Roman mosaic of international importance saved for the Nation!

Dorset County Museum has been successful in its appeal to raise £150,000 pounds to save and display the Dewlish mosaic.
The 1,600-year-old Roman floor panel showing a leopard attacking an antelope was unearthed by a team of archaeologists at Dewlish in 1974. The mosaic, measuring 2m by 2.4m, was discovered in the grounds of Dewlish House and formed part of the flooring of a villa.

Conservator, Riva Boutylkova; Museum Director, Jon Murden and Museum Technician, Mark Pettit inspect the mosaic on arrival at the museum

This acquisition reunites the new panel with two other fragments from the same mosaic which are already cared for by Dorset County Museum.

This purchase was made possible due to nearly 100 donations from supporters both large and small. Key donations received include £50,000 from the Arts Council England/ V&A Purchase Grant Fund, £40,000 from Art Fund, £30,000 from the Headley Trust, and £10,000 from the Association for Roman Archaeology.
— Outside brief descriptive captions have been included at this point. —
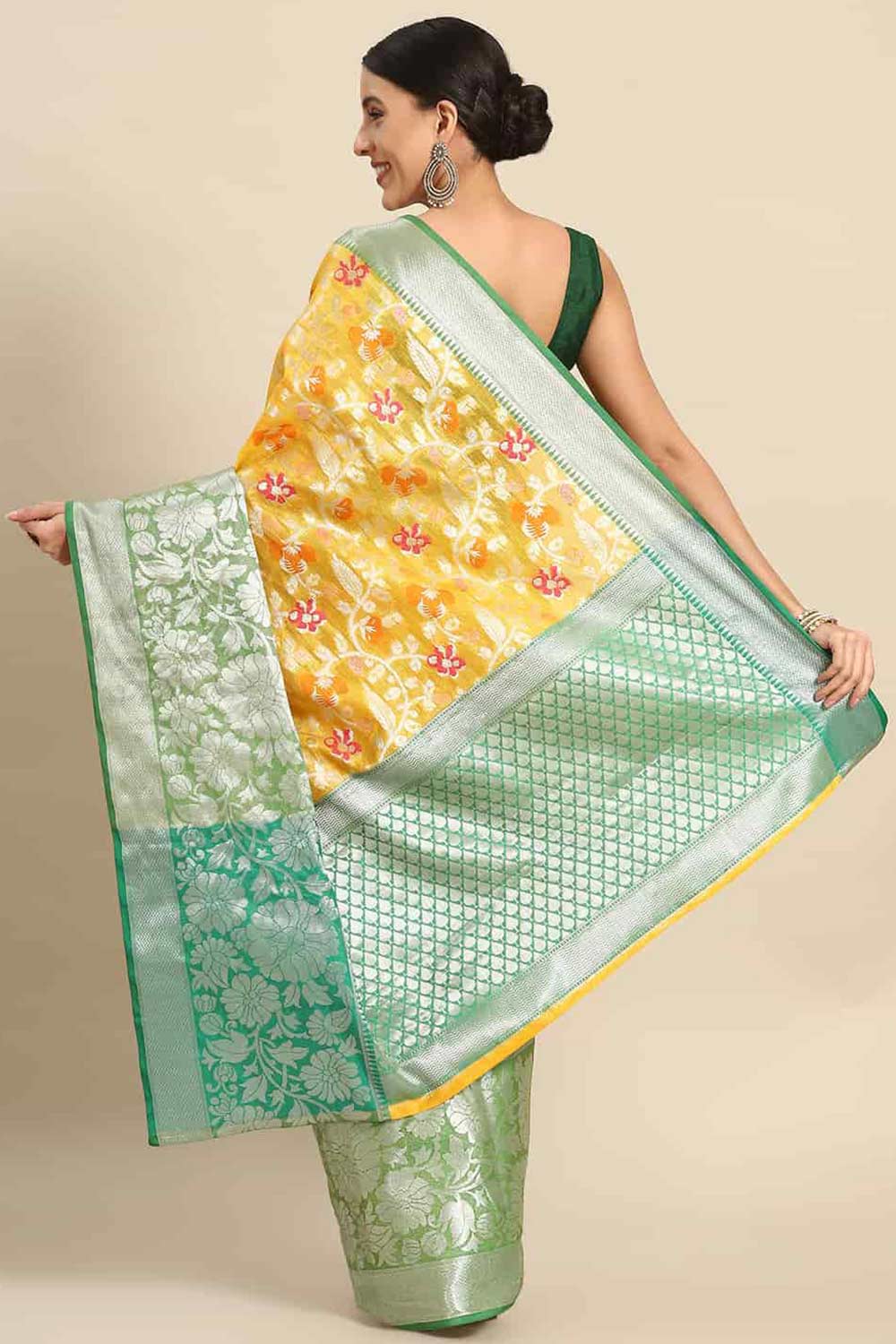 Buy Yellow Art Silk Floral Printed Banarasi Saree Online - Back 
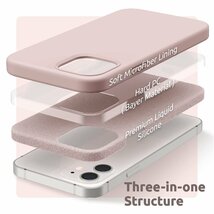 送料無料★SURPHY iphone12 mini ケース シリコン,5.4インチ対応 耐衝撃 超軽量 全面保護 (ピンク)_画像4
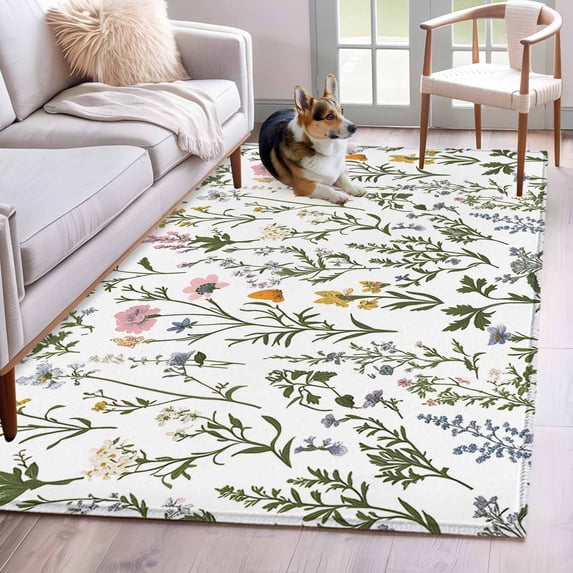 Hallway Runner Rugs 2.7x5 Ft, Spring Summer Floral Non Slip Area Rugs for Kitchen Bedroom Entryway, Farmhouse Botanical Butterflies Washable Carpet Runner Rug Floor Mats for Bedroom Home Decor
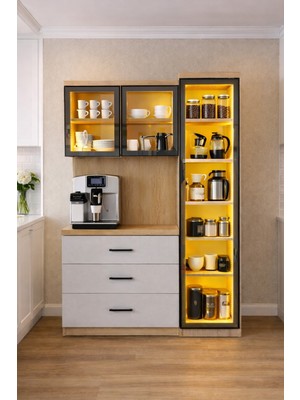 Setay Vitrinli Ünite, Liveo Kahve Köşesi + Çok Amaçlı Raflı Tek Kapaklı Dolap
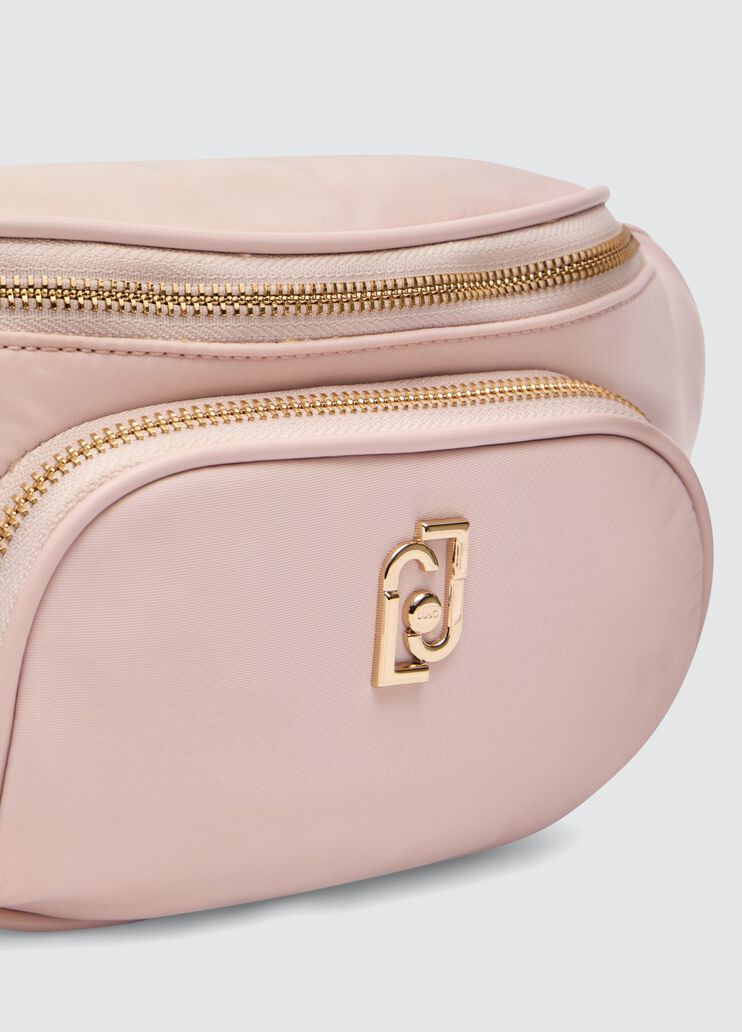 Nylon pouch bag with charm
Further support was given by many other organisations and individuals from Dorset and further afield, including Richard Beleson, a San Francisco-based benefactor who is passionate about keeping Roman artefacts on public display in the areas from which they come.

The mosaic had been subject to an export bar imposed by the UK Government to help prevent objects of national importance from leaving the country. The bar that was due to expire on the 16th of October last year, was granted an extension to January this year after the museum made its intentions known to buy the mosaic.
This historic piece will now be on show to the public in the new galleries of the museum as part of the £16.1 million redevelopment opening later this year.

Dr Jon Murden, Dorset County Museum Director said: I’m delighted that through a true collaborative effort between Dorset County Museum, the export licensing team at Arts Council England, a wide range of funding bodies, archaeological organisations, and the local community, we have been able to save the Dewlish Mosaic for the nation, and for the people of Dorset. It’s been a privilege to work alongside all these people on this most vital acquisition. I’m delighted that, once cleaned and conserved, it will take pride of place within the restored historic stairwell at Dorset Museum – alongside the other internationally significant Roman mosaics that are already in our collection in Dorchester.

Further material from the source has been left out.